_Exercise prompt:_
Output the entries exactly as they appear. Pictures should not be included.

:: Extracted information

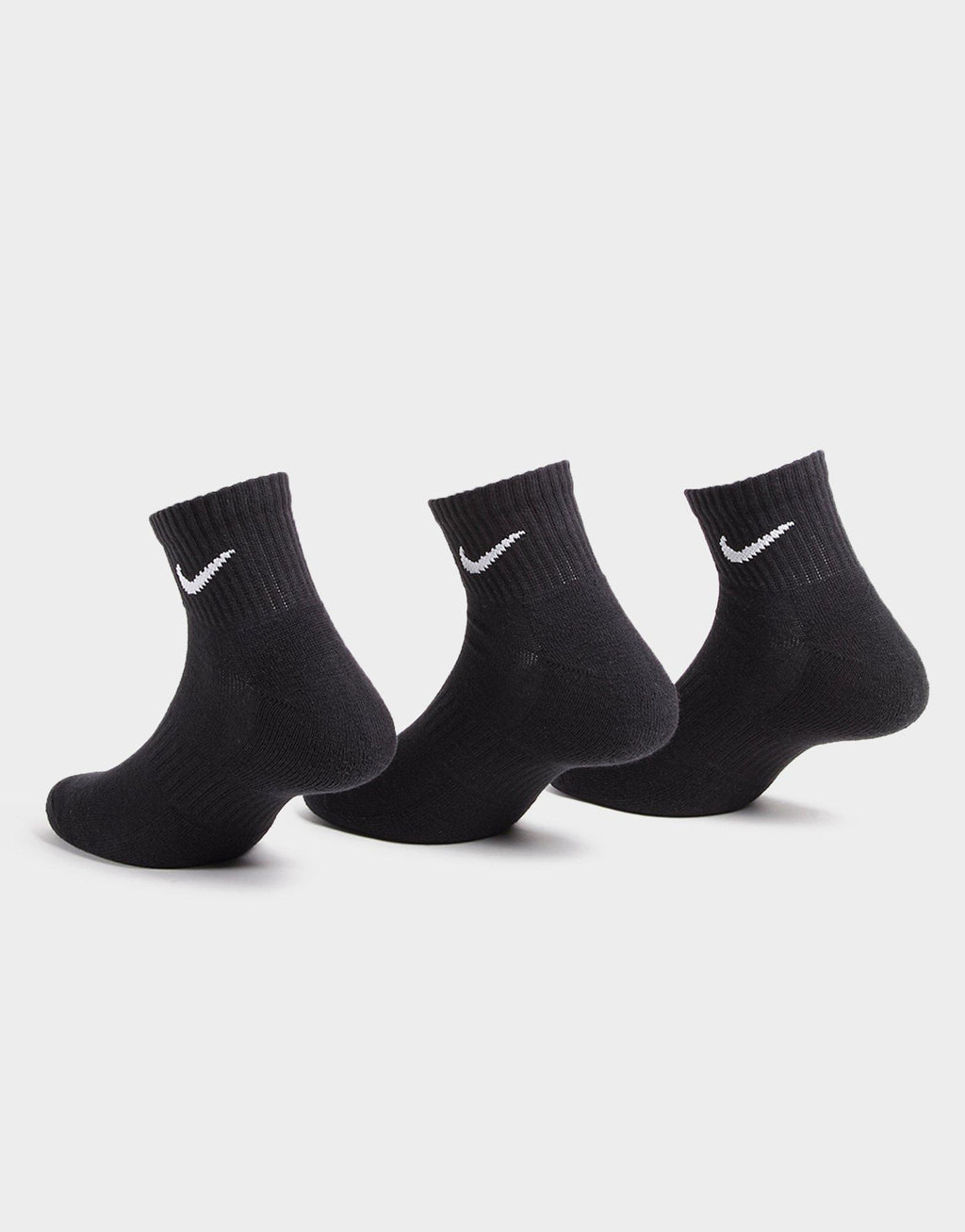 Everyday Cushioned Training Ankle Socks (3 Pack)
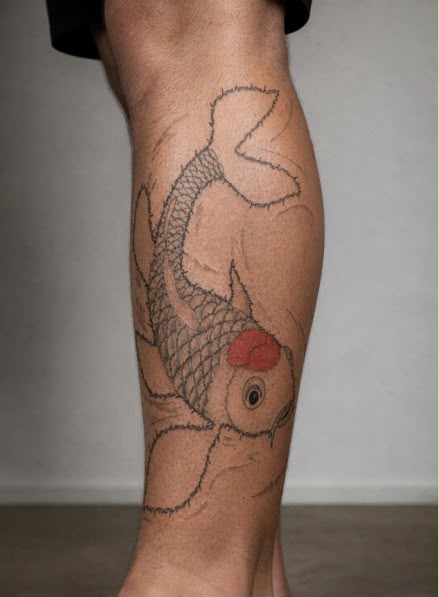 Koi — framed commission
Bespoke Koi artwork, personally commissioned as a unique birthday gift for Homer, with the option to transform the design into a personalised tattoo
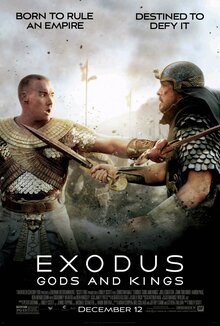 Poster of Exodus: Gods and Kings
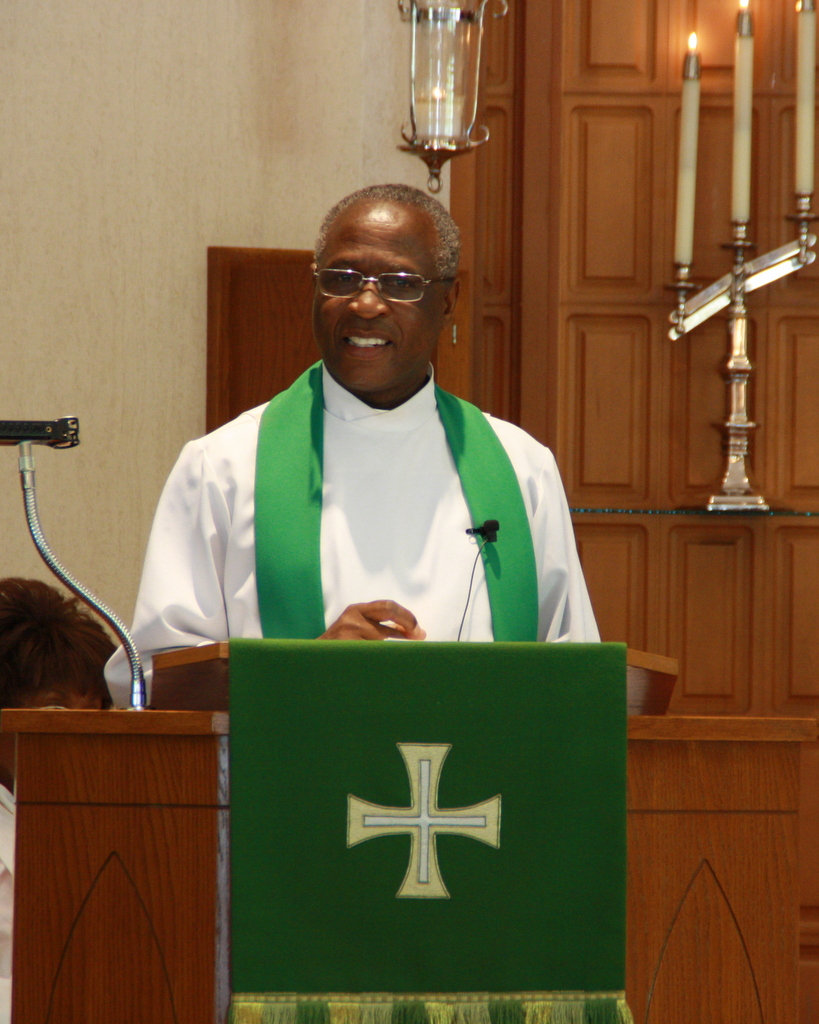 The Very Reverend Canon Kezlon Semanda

::::

_Problem solution:_
 Everyday Cushioned Training Ankle Socks (3 Pack)
 Koi — framed commission
Bespoke Koi artwork, personally commissioned as a unique birthday gift for Homer, with the option to transform the design into a personalised tattoo
 Poster of Exodus: Gods and Kings
 The Very Reverend Canon Kezlon Semanda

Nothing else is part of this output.